Data supplied ▸
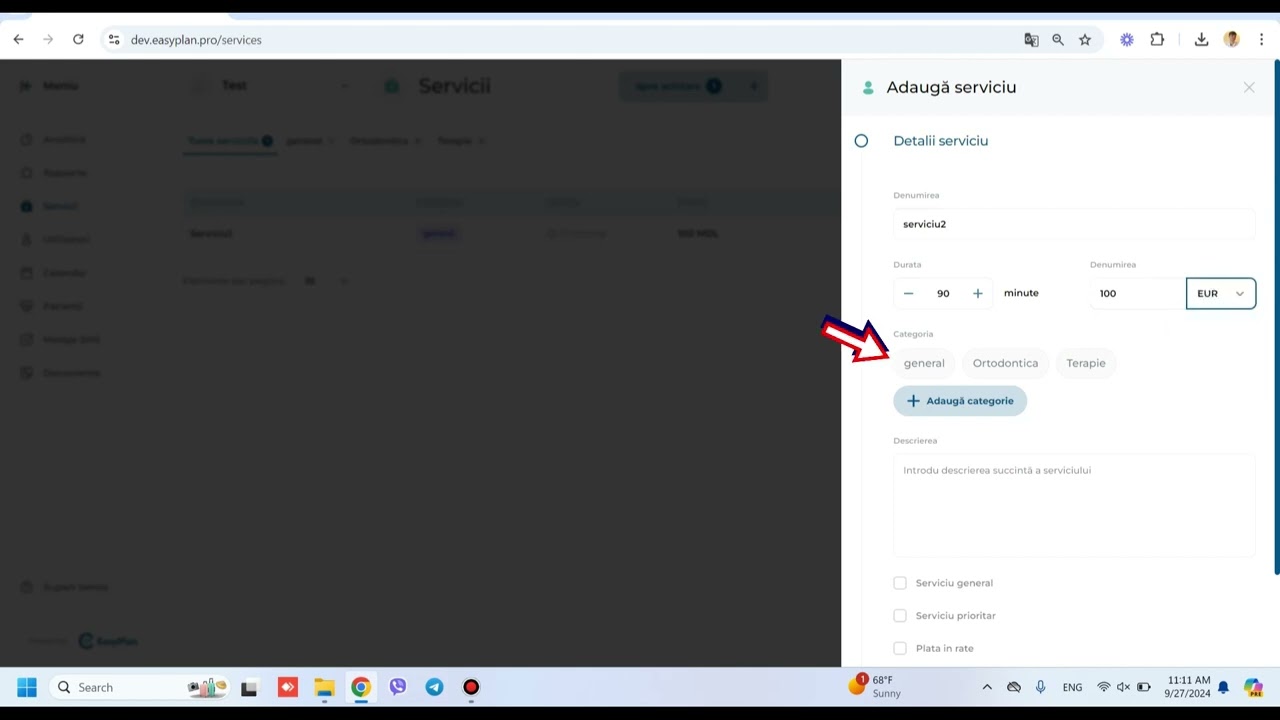 Ghid de utilizator - SERVICII | EasyPlan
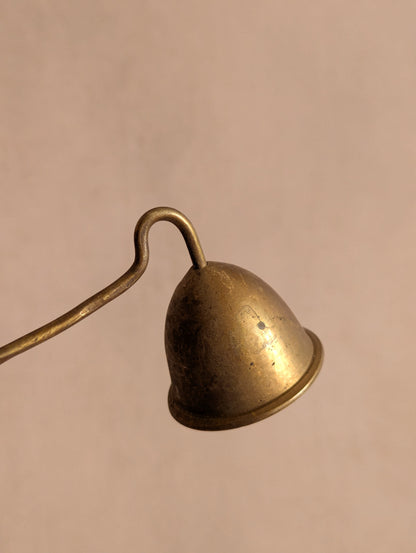 Spiral Brass Bell-Shaped Candle Snuffer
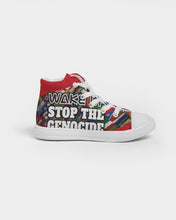 Load image into Gallery viewer, Red Rover World Kids Hightop Canvas Shoe
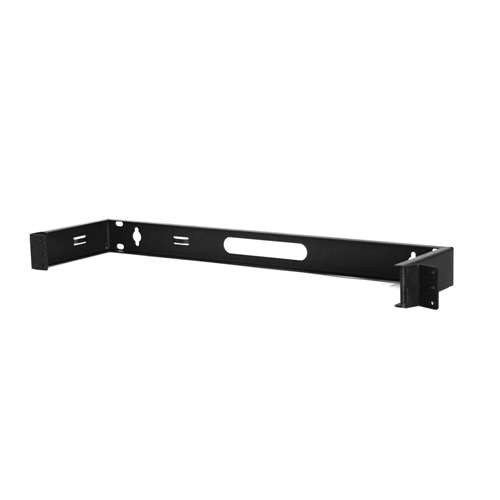 19" WALL MOUNT BRACKET 1 RMS  6" DEPTH HINGED.  BLACK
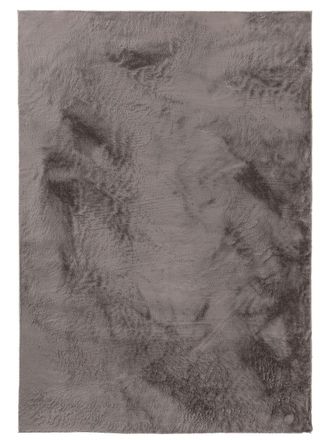 benuta Alfombra de piel gris 200x290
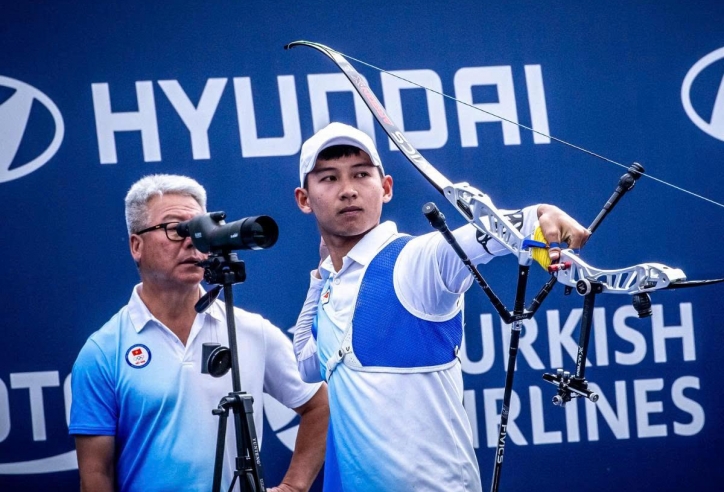 Lê Quốc Phong dừng bước tại giải vô địch bắn cung châu Á 2025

Task prompt ▸ The required output consists only of the lines from the one containing "Spiral Brass Bell-Shaped Candle Snuffer" to the last line of the material, reproduced exactly, pictures excluded.

Answer to this task ▸
 Spiral Brass Bell-Shaped Candle Snuffer
 Load image into Gallery viewer, Red Rover World Kids Hightop Canvas Shoe
 19" WALL MOUNT BRACKET 1 RMS  6" DEPTH HINGED.  BLACK
 benuta Alfombra de piel gris 200x290
 Lê Quốc Phong dừng bước tại giải vô địch bắn cung châu Á 2025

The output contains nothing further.